Cutting off the corner is brilliant! I occasionally demote an old one for cleaning use, but never had a way to really differentiate them. Thanks.
As already mentioned, I’m in the middle of an organisational/decluttering kick and this interests me. I use a sponge for dish washing and disposable cloths (Chux) for wiping down counters etc. What sort of ‘dish rags’ do you use? Are they expensive? Do they do double duty for dishes and the counters? I could see myself changing the habits of almost-a-lifetime if this system of yours turns out to be an improvement on my own.
Thank you. I’ve never seen these before. Next time I get the kitchen remodelled, I’m having one!
I hope that “rotate” isn’t quite the word that you meant :).
I never use a sponge I think they are germ collectors. I’m using the cheap green scouring pads - they’re less abrasive than the quality ones and they dry out better than sponge. I have a pile of cut up old tee shirts for dish cloths, use for the day then into the wash.
Huh. You’re supposed to replace these?
Seriously, 99% of my stuff goes in the dishwasher. I haven’t replace the sponge (yellow and green) in well over a year.
Green and yellow here.
I use them until they fall apart, which can be a matter of months or years.
My preference is to squeeze them and let them dry.
However, I should emphasize that I put the sponge in a particular hierarchy in the cleaning world. Sponges are there to get chunks of stuff off… but a surface/dish that has been cleaned only by a sponge is merely free of chunks and should not be considered clean or safe. For countertops or floors, this might actually be OK because I’m not preparing food directly on them and I don’t go around licking them. For plates and cutting boards, they need to go through soap and them be rinsed by clean water (which I usually accomplish in the dishwasher). In an ideal world, I’d add a bleach step, but omitting this hasn’t killed me yet.
(So… just to clarify, the cleaning process is four distinct steps: soap/sponge, soap/water, pure water, dry).
I think I bought like a dozen of them at Walmart for $5. [I’ve actually got about forty rags all together]
I use them for both cleaning off dishes before I stick them in the dishwasher and I also use them to wipe down counter tops.

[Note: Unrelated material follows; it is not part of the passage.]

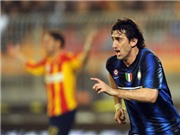 Bóng đá anh, ngoại hạng anh, lịch thi đấu euro 2012, Milito & 49 ngày “khô hạn”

Although, whenever I’m about to wipe off the counter tops, I’ll grab a fresh one.
I have no idea how the math works out if you consider the amount of electricity spent washing said rags. I normally just wash them with my regular loads anyway.
Me too! Although I wouldn’t be putting anything wet in there, what a handy space for small items.
i’ve seen just the mechanism in a box. you remove the panel and attach it to the tray mechanism after you attach it.
I don’t like the scrubbers attached to the sponge, for the aforementioned stinky reasons. We have a spongeless green scrubber only. My sister cuts hers in half for weird frugal reasons? I try and keep it washed out and on the draining rack when not in use, but maxthevool won’t…
We use the yellow kind with the green scrubby on one side. Our favorite brand is “the one on sale at the grocery store when we need more sponges”. Generally we give the things quick rinse after scrubbing plates, and then toss the sponge onto its end between the backsplash and the faucet to dry. That’s not to say I don’t find them in the sink a lot; they apparently take swan dives in when we’re out of the room.
Only two of us (out of four roommates) do dishes here, so usually what happens is that we use a sponge until one of us thinks it looks too grotty to be applying to things we eat off of, and then it gets stolen for something else. She takes them for bathroom cleaning, and I steal them for small animal cages. It finally gets thrown out when whichever one of us took it feels more trepidation at the thought of touching it than at the idea of doing the cleaning it’s meant for, and the cycle begins anew.